10/29/08 The Lecture Schedule (link on the left) and reading assignments have been updated again. Check it out to guide your studies for the midterm exam.

10/29/08

The lecture-slide outlines for tomorrow (Thursday) are now available. I suggest that you print them and bring them to class.
10/25/08 My lecture on cost curves left many students confused. Click here to examine a new slide that may help you understand the ideas.  I will review the new slide in class.
10/22/08 Office hours are changed just for this Friday: 10-10:45 and 2-3:15.
10/13/08

Willingness-to-Pay Clarification:

Willingness to pay (WTP) is the maximum you would pay. If WTP = $60 you would not be willing to pay $61. Of course, you would be happy to pay only $50.

If Emily has no plums, how much is she willing to pay for a bag of 5 plums? We can find out by adding up her WTP for each of the first five plums.
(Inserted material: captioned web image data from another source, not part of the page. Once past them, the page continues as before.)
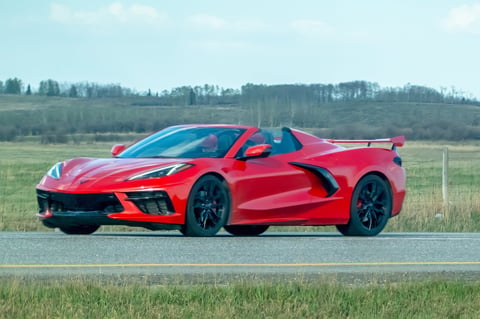 Red Chevrolet Corvette Stingray convertible speeding along a rural highway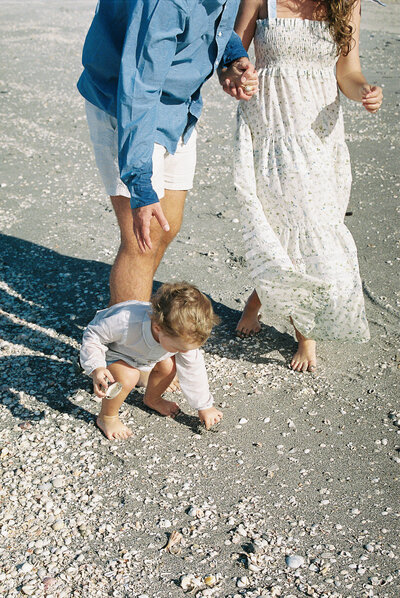 family playing on the beach by destination wedding photographer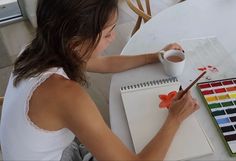 a woman sitting at a table painting with watercolors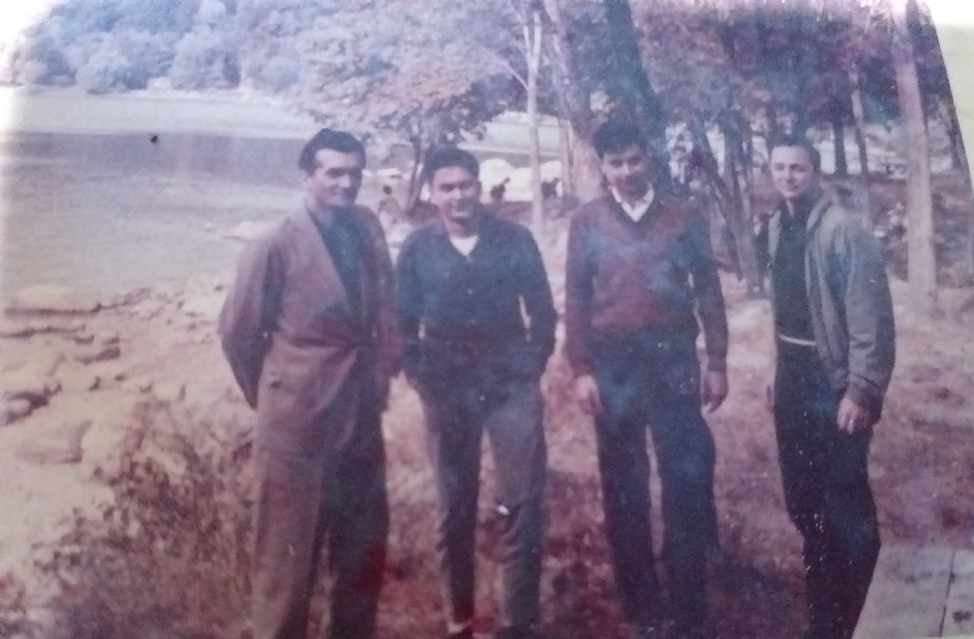 4 men standing outdoors near lake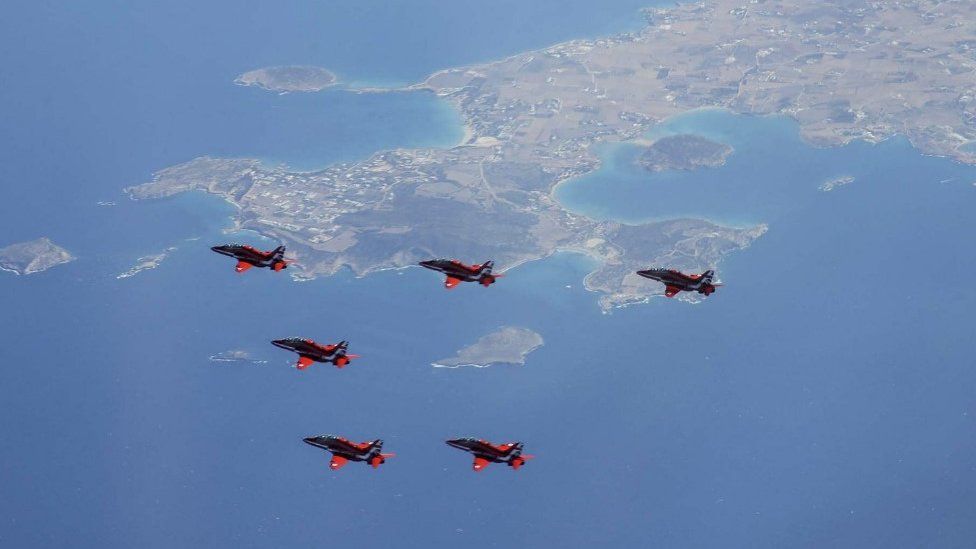 Red Arrows in formation over Greek islands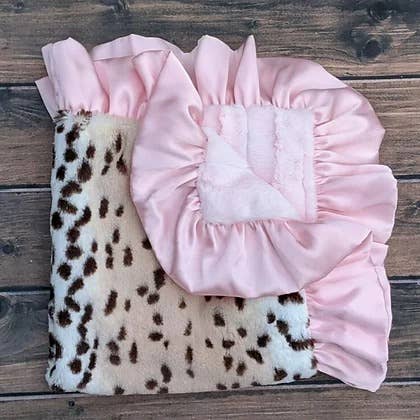 a pink and brown snow leopard print baby blanket on a wooden floor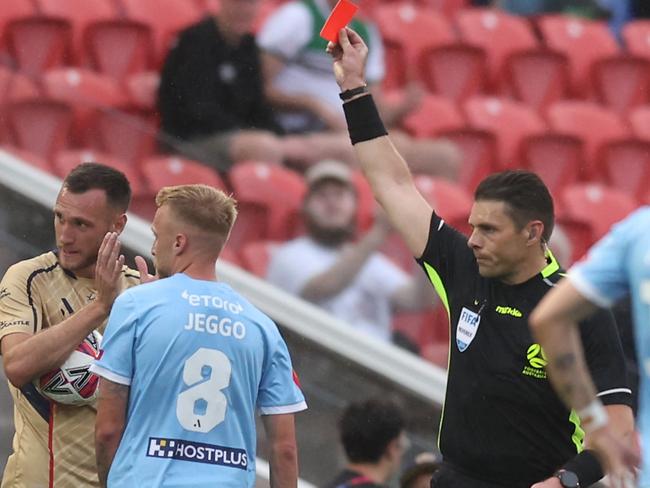 NEWCASTLE, AUSTRALIA - OCTOBER 19: Referee Shaun Evans givs James Jeggo of Melbourne City a red card during the round one A-League Men match between Newcastle Jets and Melbourne City at McDonald Jones Stadium, on October 19, 2024, in Newcastle, Australia. (Photo by Scott Gardiner/Getty Images)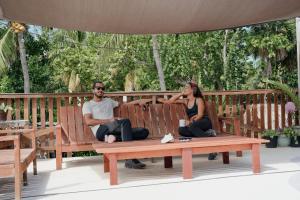 a man and a woman sitting on a bench at Mapache Hostel in Holbox Island +50 photos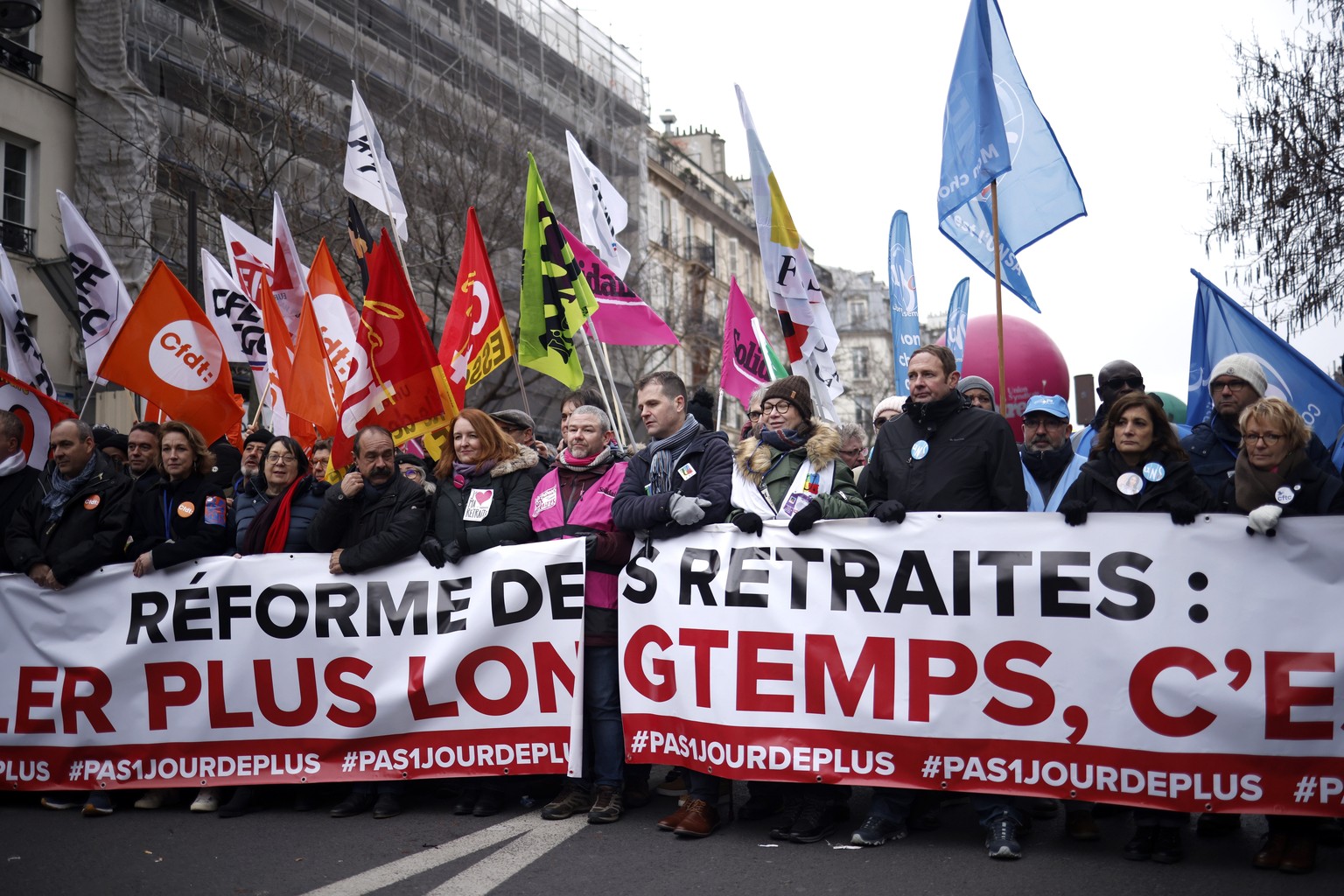 epa10415651 French trade unions leaders march behind a banner reading &#039;Pension?s reform, not a day longer&#039; during a national strike against the government&#039;s reform of the pension system ...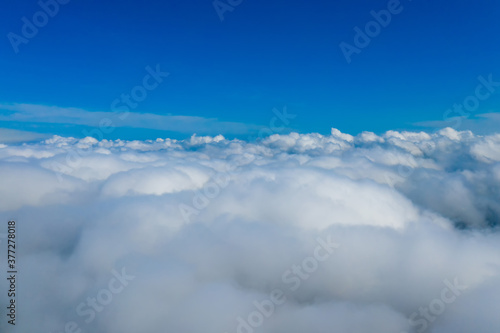 Light clouds seen from airplane. Blue endless sky above fluffy clouds.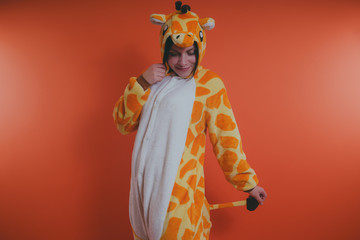 pajamas in the form of a giraffe. emotional portrait of a girl on an orange background. crazy and...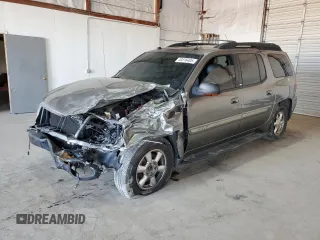2004 GMC Envoy SLT with VIN 1GKET16S146222288, listed as a Copart auction lot 49316405 with 210,424 mi miles and Salvage Title. Bid and sale history available at DreamBid. Image 1.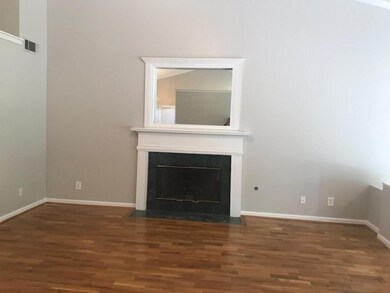 Unfurnished living room featuring a fireplace with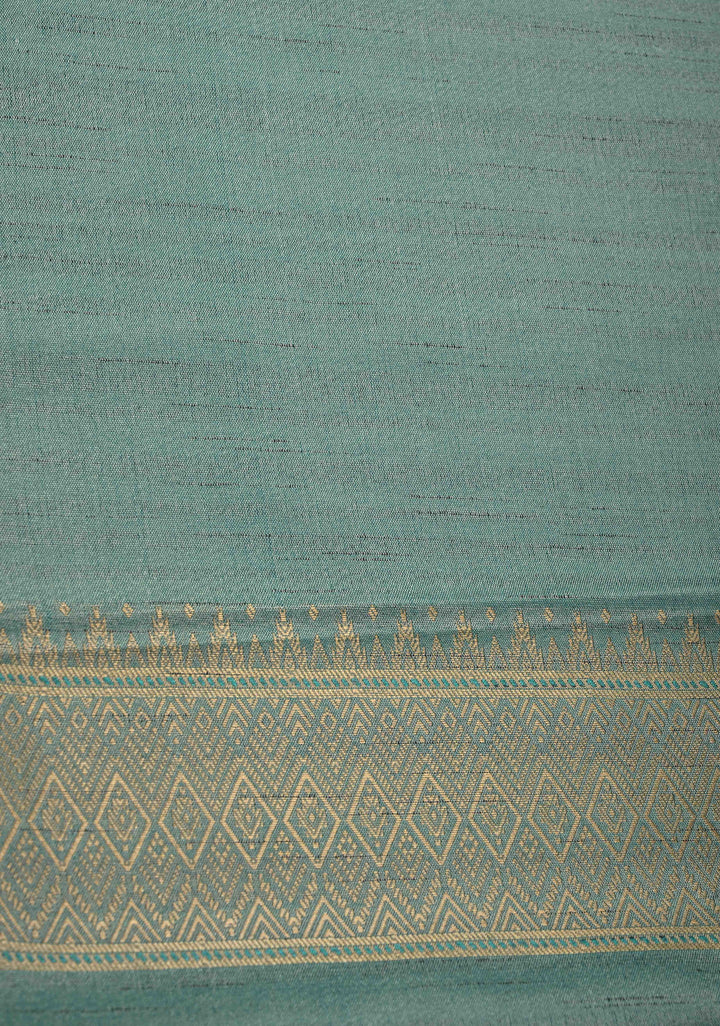 Sage Green Kanchi Semi Silk Saree with Meenakari  Buttas and Multicolor Temple Border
See Clarification slide-outlines.

9/17/08 Manove's thoughts on “legal tender.”
5/1/08

On Thursday, October 25, 2007,
walking through Brookline on my way to EC101,
I was attacked by a nasty wild turkey.

Taken with my cell phone just before he attacked. Turkey  

As an economist, should I have tried
to catch and eat this turkey
instead of running away like a sissy?
Take my course and find out.


Read about wild turkeys in Brookline.

9/17/08

Manove's thoughts on “legal tender.”

Dear Students,

I said in class that people accept intrinsically useless paper money in exchange for useful goods, because they know everyone else will accept the paper money, and not because the money has the status of legal tender.  Many of you disagreed with me, as did several of the Teaching Fellows.

I have tried to do some reading on this question, and it is certainly more complicated than I had realized.  But two things are clear to me:

1) The widespread acceptance of a given currency is what economists call a Nash equilibrium.  If everyone else accepts a particular form of money as payment for purchases, it makes sense for you to accept it as well--doing otherwise would raise your transaction costs.  Such an equilibrium tends to be self-sustaining once it has been reached.

2) If a particular currency has the status of legal tender,  then it is more likely that the currency will, in fact, reach an equilibrium of the type described above.  The status of legal tender immediately gives the currency a value: e.g., for the payment of taxes and sometimes for the payment of debts. 

When the euro was first circulated in the euro zone, creditors had no way to force the repayment of debts if they refused to accept the euro at the legally fixed rate of exchange with the previous currency.  In Spain, for example, if a creditor asked a court to force repayment of a debt in pesetas (the previous currency) after the introduction of the euro, he would be unsuccessful even if the debt contract had been written in pesetas (at least that is my understanding).   But this doesn't force people to accept euros in a spot sale: you offer a Spaniard euros for something, and he normally has the right to say “I don't want to do business with you.”  You offer him pesetas, and he has the right to accept them if he wants.  But because of its legal status, the euro became the equilibrium currency of the euro zone almost instantly the day it was introduced.

It's undeniable that US paper dollars are acceptable as payment (or even demanded) in many countries where the dollar is not legal tender.